- Given information:
=-=-=
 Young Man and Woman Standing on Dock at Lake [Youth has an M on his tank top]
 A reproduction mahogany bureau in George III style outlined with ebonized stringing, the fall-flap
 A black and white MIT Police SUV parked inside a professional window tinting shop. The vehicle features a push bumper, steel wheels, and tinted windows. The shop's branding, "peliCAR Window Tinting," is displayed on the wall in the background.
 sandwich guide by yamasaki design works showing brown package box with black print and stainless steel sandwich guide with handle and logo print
=-=-=
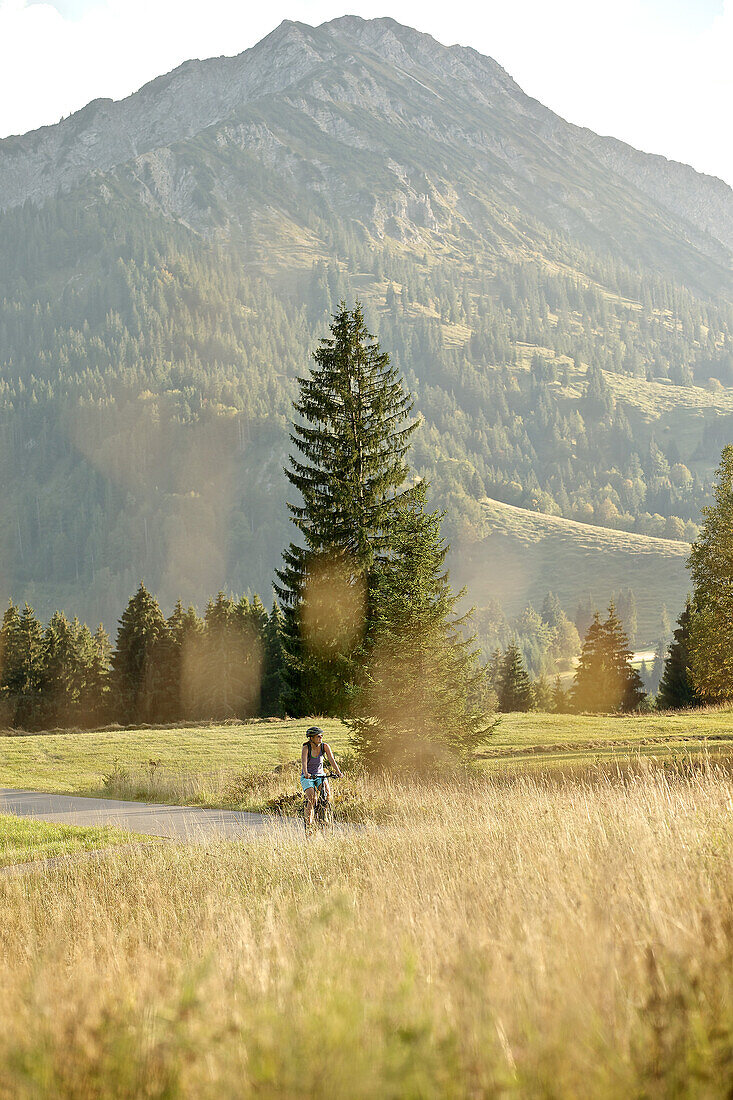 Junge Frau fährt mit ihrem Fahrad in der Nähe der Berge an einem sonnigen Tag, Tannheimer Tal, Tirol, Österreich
=-=-=
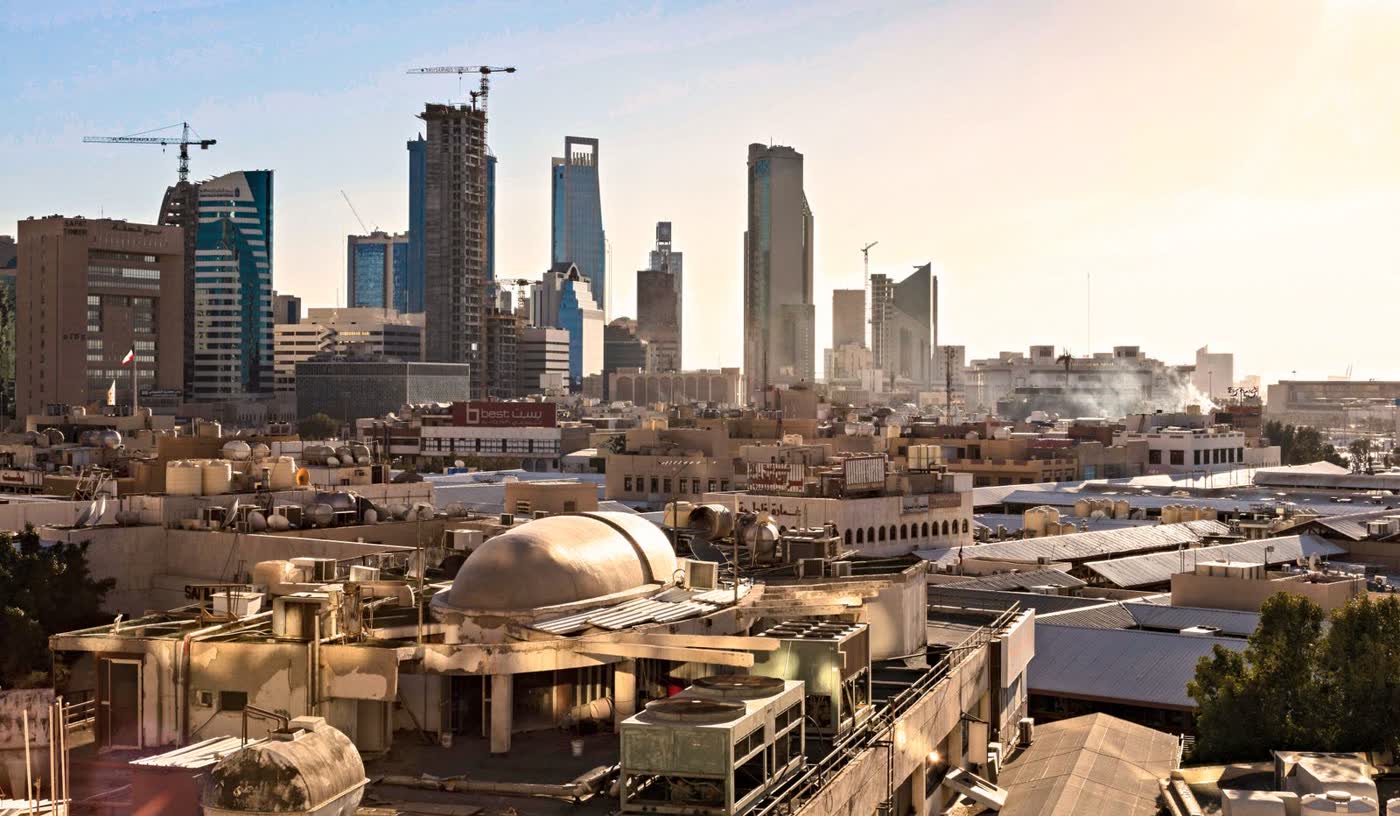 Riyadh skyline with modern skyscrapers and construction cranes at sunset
=-=-=
In the records above, find each line that mentions the string "steel", then copy it.

- Problem solution:
 A black and white MIT Police SUV parked inside a professional window tinting shop. The vehicle features a push bumper, steel wheels, and tinted windows. The shop's branding, "peliCAR Window Tinting," is displayed on the wall in the background.
 sandwich guide by yamasaki design works showing brown package box with black print and stainless steel sandwich guide with handle and logo print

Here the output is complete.